==== Task material
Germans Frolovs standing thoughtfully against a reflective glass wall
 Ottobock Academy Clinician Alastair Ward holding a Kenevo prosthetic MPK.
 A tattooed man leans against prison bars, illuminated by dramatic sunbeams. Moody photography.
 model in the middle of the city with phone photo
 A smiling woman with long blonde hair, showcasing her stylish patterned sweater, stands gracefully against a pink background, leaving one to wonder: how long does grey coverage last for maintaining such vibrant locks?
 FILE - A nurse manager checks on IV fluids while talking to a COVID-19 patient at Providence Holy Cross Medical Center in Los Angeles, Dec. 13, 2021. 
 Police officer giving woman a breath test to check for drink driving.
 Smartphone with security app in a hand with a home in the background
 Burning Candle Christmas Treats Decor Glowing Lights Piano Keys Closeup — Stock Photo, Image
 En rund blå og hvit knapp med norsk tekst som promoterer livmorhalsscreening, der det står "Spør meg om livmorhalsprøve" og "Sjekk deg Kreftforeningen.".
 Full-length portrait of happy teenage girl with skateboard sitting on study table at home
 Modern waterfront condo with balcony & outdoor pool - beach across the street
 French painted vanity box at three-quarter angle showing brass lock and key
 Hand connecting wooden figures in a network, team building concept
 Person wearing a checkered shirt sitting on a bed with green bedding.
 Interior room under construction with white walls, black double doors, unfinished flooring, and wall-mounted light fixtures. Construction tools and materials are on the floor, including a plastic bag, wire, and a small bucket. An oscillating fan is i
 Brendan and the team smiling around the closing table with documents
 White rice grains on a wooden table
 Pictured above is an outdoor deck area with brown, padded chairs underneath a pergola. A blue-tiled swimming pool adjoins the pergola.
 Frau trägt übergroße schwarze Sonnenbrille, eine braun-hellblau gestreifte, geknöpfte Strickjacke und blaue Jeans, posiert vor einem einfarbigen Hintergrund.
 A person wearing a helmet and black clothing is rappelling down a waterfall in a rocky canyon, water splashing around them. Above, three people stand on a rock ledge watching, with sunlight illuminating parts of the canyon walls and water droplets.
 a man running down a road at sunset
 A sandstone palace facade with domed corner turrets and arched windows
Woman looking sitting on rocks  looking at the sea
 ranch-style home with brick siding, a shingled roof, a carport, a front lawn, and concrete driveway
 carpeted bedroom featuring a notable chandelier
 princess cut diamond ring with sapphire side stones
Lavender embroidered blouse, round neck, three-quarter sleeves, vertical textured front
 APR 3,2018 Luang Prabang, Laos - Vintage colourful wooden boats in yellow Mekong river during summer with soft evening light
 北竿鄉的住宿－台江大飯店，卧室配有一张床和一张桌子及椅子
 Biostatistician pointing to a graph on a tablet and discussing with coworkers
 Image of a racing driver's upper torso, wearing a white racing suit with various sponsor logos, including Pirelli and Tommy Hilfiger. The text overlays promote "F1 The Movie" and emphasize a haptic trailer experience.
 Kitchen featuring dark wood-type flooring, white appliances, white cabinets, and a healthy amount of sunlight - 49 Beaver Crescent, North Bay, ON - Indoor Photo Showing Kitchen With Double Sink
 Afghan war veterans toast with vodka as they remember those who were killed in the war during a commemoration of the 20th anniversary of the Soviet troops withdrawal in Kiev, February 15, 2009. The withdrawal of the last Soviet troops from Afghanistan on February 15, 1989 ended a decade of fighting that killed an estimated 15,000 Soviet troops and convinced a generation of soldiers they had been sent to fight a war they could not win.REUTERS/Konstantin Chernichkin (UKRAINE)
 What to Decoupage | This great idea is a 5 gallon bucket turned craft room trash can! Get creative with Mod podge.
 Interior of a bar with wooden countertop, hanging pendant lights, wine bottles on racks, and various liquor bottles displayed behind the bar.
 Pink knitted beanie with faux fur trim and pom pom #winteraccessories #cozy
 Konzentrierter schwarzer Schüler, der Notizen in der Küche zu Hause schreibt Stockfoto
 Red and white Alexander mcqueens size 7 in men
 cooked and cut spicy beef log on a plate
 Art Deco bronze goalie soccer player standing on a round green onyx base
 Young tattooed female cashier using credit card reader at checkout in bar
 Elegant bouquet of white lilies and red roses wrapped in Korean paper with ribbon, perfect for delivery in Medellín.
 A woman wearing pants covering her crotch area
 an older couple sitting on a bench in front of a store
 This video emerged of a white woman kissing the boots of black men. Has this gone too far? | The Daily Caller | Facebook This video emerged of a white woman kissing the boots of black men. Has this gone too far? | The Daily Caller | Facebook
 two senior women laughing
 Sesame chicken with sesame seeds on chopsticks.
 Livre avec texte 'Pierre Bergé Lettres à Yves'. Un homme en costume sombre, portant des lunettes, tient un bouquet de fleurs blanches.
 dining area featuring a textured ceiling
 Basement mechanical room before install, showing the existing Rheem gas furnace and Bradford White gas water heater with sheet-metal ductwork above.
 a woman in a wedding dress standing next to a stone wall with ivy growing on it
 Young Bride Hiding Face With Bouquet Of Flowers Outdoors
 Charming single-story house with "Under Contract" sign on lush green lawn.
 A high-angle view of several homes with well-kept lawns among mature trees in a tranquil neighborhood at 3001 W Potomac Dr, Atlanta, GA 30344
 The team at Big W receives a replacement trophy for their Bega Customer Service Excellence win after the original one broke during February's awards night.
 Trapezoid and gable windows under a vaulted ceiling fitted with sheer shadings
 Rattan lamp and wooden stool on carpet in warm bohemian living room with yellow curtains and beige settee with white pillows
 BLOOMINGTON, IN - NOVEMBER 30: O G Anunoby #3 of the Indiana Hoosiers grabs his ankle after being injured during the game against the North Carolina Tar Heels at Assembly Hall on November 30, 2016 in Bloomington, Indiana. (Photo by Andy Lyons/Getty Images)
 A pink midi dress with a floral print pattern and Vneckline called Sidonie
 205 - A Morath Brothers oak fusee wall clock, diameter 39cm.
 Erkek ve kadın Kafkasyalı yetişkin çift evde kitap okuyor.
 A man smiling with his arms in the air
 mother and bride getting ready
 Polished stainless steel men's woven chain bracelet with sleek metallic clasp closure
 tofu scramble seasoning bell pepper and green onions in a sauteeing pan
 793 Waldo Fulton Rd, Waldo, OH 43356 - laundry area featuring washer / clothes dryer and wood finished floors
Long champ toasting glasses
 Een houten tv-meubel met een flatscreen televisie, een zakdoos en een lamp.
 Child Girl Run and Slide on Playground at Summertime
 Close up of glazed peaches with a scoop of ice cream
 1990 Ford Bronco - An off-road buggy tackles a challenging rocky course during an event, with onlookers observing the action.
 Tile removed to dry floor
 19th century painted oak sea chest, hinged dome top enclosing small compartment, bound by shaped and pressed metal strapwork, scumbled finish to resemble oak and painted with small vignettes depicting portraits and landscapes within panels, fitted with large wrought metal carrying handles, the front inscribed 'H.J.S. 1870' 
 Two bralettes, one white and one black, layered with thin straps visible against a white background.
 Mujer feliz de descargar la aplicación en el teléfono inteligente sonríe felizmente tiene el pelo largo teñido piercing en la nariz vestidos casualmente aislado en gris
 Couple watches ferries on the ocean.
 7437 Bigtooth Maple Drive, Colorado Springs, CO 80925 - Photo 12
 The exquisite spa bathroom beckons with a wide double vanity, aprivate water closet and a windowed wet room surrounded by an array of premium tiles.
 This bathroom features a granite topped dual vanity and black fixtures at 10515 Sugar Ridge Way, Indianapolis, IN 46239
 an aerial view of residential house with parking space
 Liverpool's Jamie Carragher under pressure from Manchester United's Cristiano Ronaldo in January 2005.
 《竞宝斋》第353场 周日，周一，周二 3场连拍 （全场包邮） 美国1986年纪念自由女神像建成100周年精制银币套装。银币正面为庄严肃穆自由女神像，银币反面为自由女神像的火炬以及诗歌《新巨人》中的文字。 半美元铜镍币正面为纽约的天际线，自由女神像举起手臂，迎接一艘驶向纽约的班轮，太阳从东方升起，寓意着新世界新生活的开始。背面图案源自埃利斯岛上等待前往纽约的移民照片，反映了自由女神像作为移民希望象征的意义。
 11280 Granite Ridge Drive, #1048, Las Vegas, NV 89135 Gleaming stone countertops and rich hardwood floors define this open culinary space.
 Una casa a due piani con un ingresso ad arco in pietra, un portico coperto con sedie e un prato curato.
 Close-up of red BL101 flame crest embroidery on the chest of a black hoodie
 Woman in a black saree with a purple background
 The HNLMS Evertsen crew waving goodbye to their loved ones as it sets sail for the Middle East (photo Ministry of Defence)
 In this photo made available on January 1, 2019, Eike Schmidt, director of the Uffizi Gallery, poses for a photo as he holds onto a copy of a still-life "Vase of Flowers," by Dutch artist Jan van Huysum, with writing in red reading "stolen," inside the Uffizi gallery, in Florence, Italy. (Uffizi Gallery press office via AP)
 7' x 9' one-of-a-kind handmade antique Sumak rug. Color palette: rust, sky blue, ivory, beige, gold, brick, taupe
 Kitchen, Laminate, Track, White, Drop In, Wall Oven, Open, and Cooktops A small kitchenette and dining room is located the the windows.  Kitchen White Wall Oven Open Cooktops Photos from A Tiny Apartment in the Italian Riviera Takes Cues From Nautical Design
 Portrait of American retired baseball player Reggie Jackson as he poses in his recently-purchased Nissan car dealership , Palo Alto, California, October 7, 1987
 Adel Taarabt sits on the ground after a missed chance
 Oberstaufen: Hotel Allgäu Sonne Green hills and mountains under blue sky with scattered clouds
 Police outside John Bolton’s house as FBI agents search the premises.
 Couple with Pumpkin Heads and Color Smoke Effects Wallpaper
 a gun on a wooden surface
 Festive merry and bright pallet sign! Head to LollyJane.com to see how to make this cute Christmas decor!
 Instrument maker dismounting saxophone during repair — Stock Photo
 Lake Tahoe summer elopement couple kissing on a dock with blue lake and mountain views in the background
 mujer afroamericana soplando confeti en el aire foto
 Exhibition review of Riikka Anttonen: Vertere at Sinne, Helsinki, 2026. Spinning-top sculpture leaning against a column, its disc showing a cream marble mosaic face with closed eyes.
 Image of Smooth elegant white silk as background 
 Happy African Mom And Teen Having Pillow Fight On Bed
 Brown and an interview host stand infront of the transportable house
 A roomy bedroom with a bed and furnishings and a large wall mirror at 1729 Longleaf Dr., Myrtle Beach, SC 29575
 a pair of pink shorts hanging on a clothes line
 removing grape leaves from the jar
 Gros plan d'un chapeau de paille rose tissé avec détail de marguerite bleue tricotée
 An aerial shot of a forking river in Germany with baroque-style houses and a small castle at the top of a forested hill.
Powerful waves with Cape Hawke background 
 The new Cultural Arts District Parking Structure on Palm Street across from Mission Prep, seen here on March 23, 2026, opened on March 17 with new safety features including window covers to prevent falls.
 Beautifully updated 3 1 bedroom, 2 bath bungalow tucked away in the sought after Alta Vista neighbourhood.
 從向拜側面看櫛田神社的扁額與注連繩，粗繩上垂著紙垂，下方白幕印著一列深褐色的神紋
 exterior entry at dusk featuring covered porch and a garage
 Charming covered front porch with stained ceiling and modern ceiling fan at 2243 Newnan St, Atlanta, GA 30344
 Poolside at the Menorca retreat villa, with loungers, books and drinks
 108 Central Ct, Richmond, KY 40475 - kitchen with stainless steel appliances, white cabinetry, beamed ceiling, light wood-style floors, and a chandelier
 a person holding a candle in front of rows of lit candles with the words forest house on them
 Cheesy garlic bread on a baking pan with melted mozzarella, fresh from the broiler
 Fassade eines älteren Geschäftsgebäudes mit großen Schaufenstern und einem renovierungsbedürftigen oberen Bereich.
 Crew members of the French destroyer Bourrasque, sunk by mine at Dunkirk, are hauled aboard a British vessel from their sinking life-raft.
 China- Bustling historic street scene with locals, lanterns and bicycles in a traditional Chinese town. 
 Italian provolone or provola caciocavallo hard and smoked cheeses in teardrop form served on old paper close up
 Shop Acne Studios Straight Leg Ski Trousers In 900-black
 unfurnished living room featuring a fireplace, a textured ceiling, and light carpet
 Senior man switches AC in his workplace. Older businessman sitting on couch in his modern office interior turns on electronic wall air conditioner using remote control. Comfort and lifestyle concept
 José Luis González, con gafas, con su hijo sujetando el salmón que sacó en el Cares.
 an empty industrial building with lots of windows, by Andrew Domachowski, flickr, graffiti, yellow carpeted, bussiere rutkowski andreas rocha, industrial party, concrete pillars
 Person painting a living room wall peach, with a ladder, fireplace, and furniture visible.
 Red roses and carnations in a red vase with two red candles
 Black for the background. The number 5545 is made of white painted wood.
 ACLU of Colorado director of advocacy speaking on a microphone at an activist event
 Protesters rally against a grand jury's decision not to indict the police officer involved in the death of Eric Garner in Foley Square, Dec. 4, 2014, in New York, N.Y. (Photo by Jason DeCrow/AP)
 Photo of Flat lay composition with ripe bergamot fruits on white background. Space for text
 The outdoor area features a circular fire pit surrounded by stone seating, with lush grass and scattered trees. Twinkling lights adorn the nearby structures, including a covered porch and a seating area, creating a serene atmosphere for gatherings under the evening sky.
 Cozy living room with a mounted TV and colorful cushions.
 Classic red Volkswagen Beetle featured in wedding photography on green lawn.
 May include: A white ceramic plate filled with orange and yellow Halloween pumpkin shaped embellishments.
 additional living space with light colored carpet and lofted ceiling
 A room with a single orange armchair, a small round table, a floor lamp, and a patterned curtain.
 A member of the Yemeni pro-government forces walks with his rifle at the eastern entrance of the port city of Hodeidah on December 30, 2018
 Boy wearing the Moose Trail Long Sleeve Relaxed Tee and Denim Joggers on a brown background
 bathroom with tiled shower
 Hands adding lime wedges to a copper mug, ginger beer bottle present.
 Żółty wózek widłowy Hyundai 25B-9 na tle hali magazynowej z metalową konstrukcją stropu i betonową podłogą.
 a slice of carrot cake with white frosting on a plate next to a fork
========
Reproduce each line above that contains "standing".

Germans Frolovs standing thoughtfully against a reflective glass wall
 Art Deco bronze goalie soccer player standing on a round green onyx base
 a woman in a wedding dress standing next to a stone wall with ivy growing on it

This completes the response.